Re: [PATCH v2 00/12] sched: Address schbench regression
From: Shrikanth Hegde
Date: Mon Jul 21 2025 - 15:37:43 EST
On 7/9/25 00:32, Peter Zijlstra wrote:
On Mon, Jul 07, 2025 at 11:49:17PM +0530, Shrikanth Hegde wrote:
Git bisect points to
# first bad commit: [dc968ba0544889883d0912360dd72d90f674c140] sched: Add ttwu_queue support for delayed tasks
Moo.. Are IPIs particularly expensive on your platform?
It seems like the cost of IPIs is likely hurting here.
IPI latency really depends on whether CPU was busy, shallow idle state or deep idle state.
When it is in deep idle state numbers show close to 5-8us on average on this small system.
When system is busy, (could be doing another schbench thread) is around 1-2us.
Measured the time it took for taking the remote rq lock in baseline, that is around 1-1.5us only.
Also, here LLC is small core.(SMT4 core). So quite often the series would choose to send IPI.

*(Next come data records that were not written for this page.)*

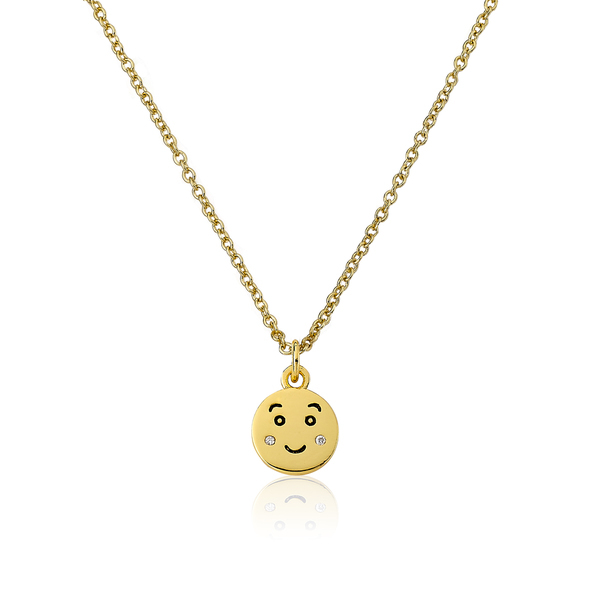 14K Gold Plated Sterling Silver Laughing Face Emotion Pendant Necklace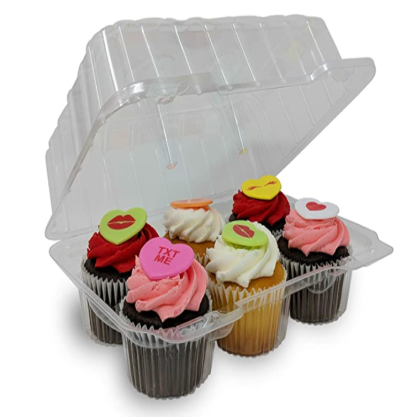 Six decorated cupcakes inside a clear 6-count hinged cupcake container with an open lid.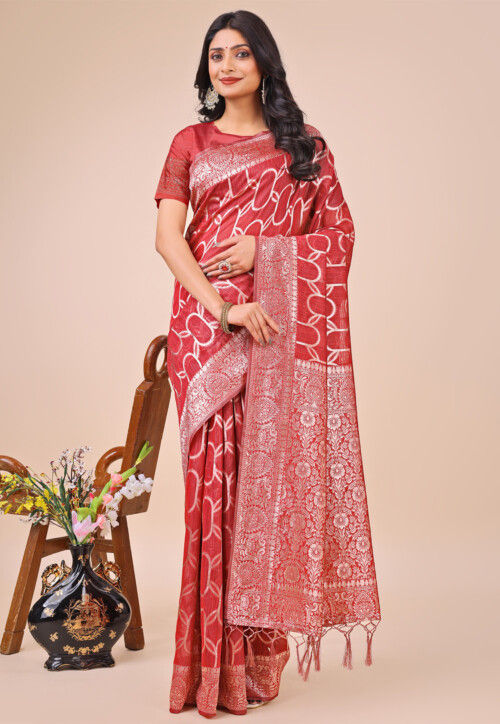 Woven Linen Cotton Saree in Red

Did one more experiment, pin worker and message thread such that it always sends IPI.
NO_TTWU_QUEUE_DELAYED
./schbench -L -m 4 -M auto -t 64 -n 0 -r 5 -i 5
average rps: 1549224.72
./schbench -L -m 4 -M 0-3 -W 4-39 -t 64 -n 0 -r 5 -i 5
average rps: 1560839.00
TTWU_QUEUE_DELAYED
./schbench -L -m 4 -M auto -t 64 -n 0 -r 5 -i 5 << IPI could be sent quite often ***
average rps: 959522.31
./schbench -L -m 4 -M 0-3 -W 4-39 -t 64 -n 0 -r 5 -i 5 << IPI are always sent. (M,W) don't share cache.
average rps: 470865.00 << rps goes even lower
=================================
*** issues/observations in schbench.
Chris,
When one does -W auto or -M auto i think code is meant to run, n message threads on first n CPUs and worker threads
on remaining CPUs?
I don't see that happening. above behavior can be achieved only with -M <cpus> -W <cpus>
int i = 0;
CPU_ZERO(m_cpus);
for (int i = 0; i < m_threads; ++i) {
CPU_SET(i, m_cpus);
CPU_CLR(i, w_cpus);
}
for (; i < CPU_SETSIZE; i++) { << here i refers to the one in scope. which is 0. Hence w_cpus is set for all cpus.
And hence workers end up running on all CPUs even with -W auto
CPU_SET(i, w_cpus);
}
Another issue, is that if CPU0 if offline, then auto pinning fails. Maybe no one cares about that case?